BEGIN Entries provided
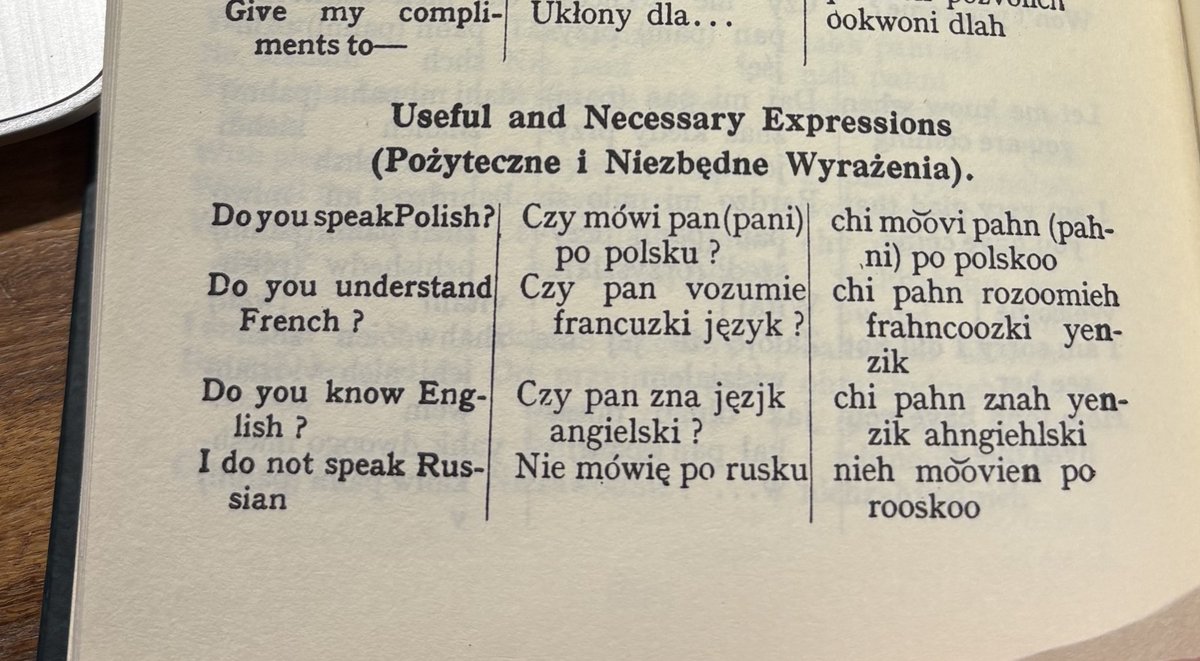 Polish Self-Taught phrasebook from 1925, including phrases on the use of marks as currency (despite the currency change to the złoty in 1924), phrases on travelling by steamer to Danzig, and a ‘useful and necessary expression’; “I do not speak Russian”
END Entries provided
BEGIN Entries provided
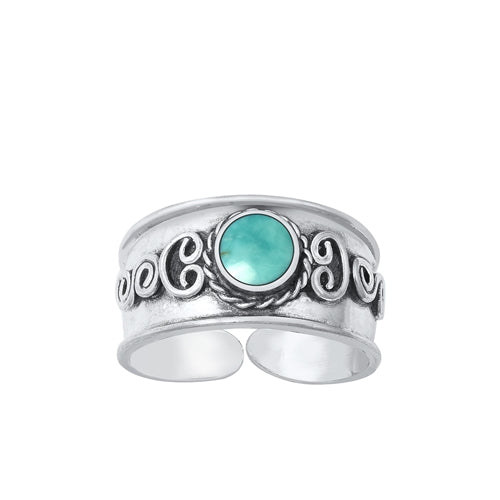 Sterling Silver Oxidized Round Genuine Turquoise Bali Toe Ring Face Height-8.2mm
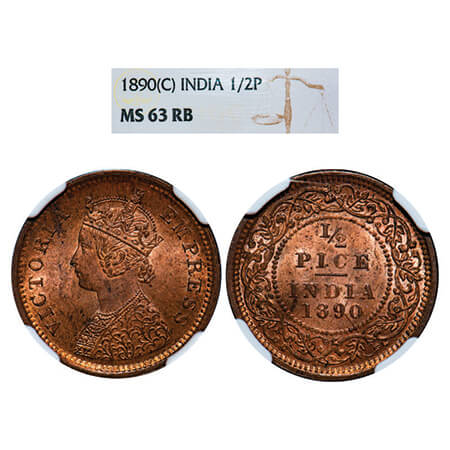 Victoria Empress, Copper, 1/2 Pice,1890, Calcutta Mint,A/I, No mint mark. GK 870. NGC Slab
END Entries provided
BEGIN Entries provided
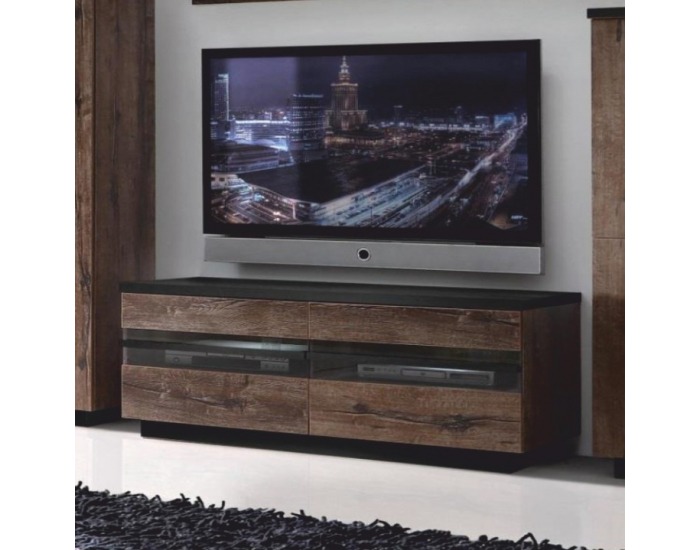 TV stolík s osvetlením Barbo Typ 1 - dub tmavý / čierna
END Entries provided
Exercise directions:
Above are some entries. Restate word for word the lines from the one holding "Sterling Silver Oxidized" through the one holding "Victoria Empress, Copper, 1/2", but not the pictures.

Expected answer:
 Sterling Silver Oxidized Round Genuine Turquoise Bali Toe Ring Face Height-8.2mm
 Victoria Empress, Copper, 1/2 Pice,1890, Calcutta Mint,A/I, No mint mark. GK 870. NGC Slab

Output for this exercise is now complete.